2. The industry takes the online vocal minority WAY too seriously.

I sat in on a few panels over the weekend, which were mostly enjoyable. But one thing I realized after a Comics Journalism panel & a “state of the industry” panel, is that the journalists take themselves too seriously and the companies listen way too much to the online community.

In the state of the industry panel, I saw Dan Didio being VERY defensive about his decisions at DC. Who is he defending against? He clearly listens to the online community, which is great, but he gives them way too much power. The truth is, with all business, that sales speak louder than words. Dan, if you want to know if a book is successful, stop listening to the vocal MINORITY of the internet, and start looking at sales. I know that DC ultimately does this, but man, did I get a sense some bitterness from him. If reading how much people hate your crossovers makes you angry and bitter, maybe you need to stop reading it. Someone’s always going to hate what you do. What these big publishers need to be looking at it sales. If an event is successful, do it again. If the comics community thinks it sucks so bad, why do they keep buying it? I stopped buying the big crossovers because I haven’t read one yet that truly impressed me.
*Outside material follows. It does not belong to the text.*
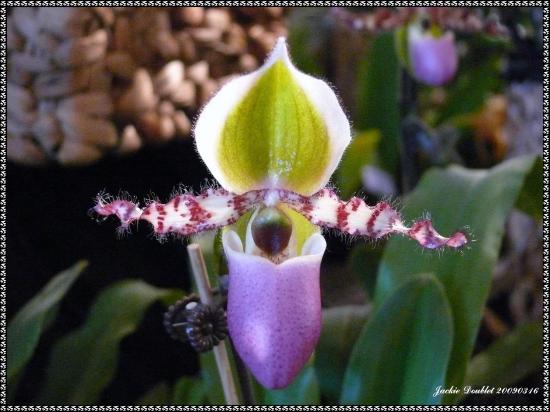 Abbaye de vaucelles, Les Rues des Vignes (59)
Now, there is a use for the online community, but I think this has to do more with smaller titles and smaller publishers. These publishers can’t exist without that small community. And with smaller titles, the online community is a great way to get feedback and see which books are hits or misses based on quality and not just sales (because there are some titles that just due to the state of the industry, aren’t going to sell well, but they may be the book that helps push the envelope of what a comic book can do.)

(More on journalists in a future post)

3. The independent comics industry is even smaller than I thought.

There is a LOT of product out there, and NOT that many people to buy it. When I visit my local comic book store, it’s easy to be fooled into thinking that there are only a handful of books outside of the top 4 or 5 comic book companies… but at Heroes, my eyes were opened to a world of DIY creators & much smaller publishers. And the thing I had to realize is every idea that I’ve had to “grow” the industry or market comics in a new way… it’s already being done.

4. The comics industry is not all 30-something white males.

It was very refreshing to see a crowd that ranged from male to female, toddler to elderly, black to white, & everything in between. I did not expect this as I’m constantly told that this is an “issue” that needs to be overcome in comics… but I would have a hard time finding a voice that wasn’t represented at this convention.

5. Disney’s Kingdom Comics are going to kick ass.

I sat in on a panel for this with the guys running the company, Ahmet Zappa & Christian Beranek. Here’s the company in bullets:

• 9 books re-imagining some of Disney’s live-action films from the 70’s & 80’s.

• They are also looking to do new original books.

• Scott Lobdell & Steve Niles are both on board to write one book each.

• All the books will be PG-13 adventures with eccentric adult heroes (think Pirates or National Treasure)

• Yes, they are looking for potential film franchises if any of the books are successful, but that’s not the driving force behind the company.

• They will have the full force of Disney marketing behind them, but exist on their own.

• The first book will come out in late summer 2009.

• No titles have been announced but Zappa teased with “What is Disney’s Batman?”

My guess? Condorman.

1 comment
  1. I think the Scarecrow of Romney Marsh is a great and underdeveloped Disney property. He’s like Batman, only he’s a former pirate-turned-Episcopal priest who dresses up like a scarecrow to fight King George III. That’s almost EXACTLY like Batman!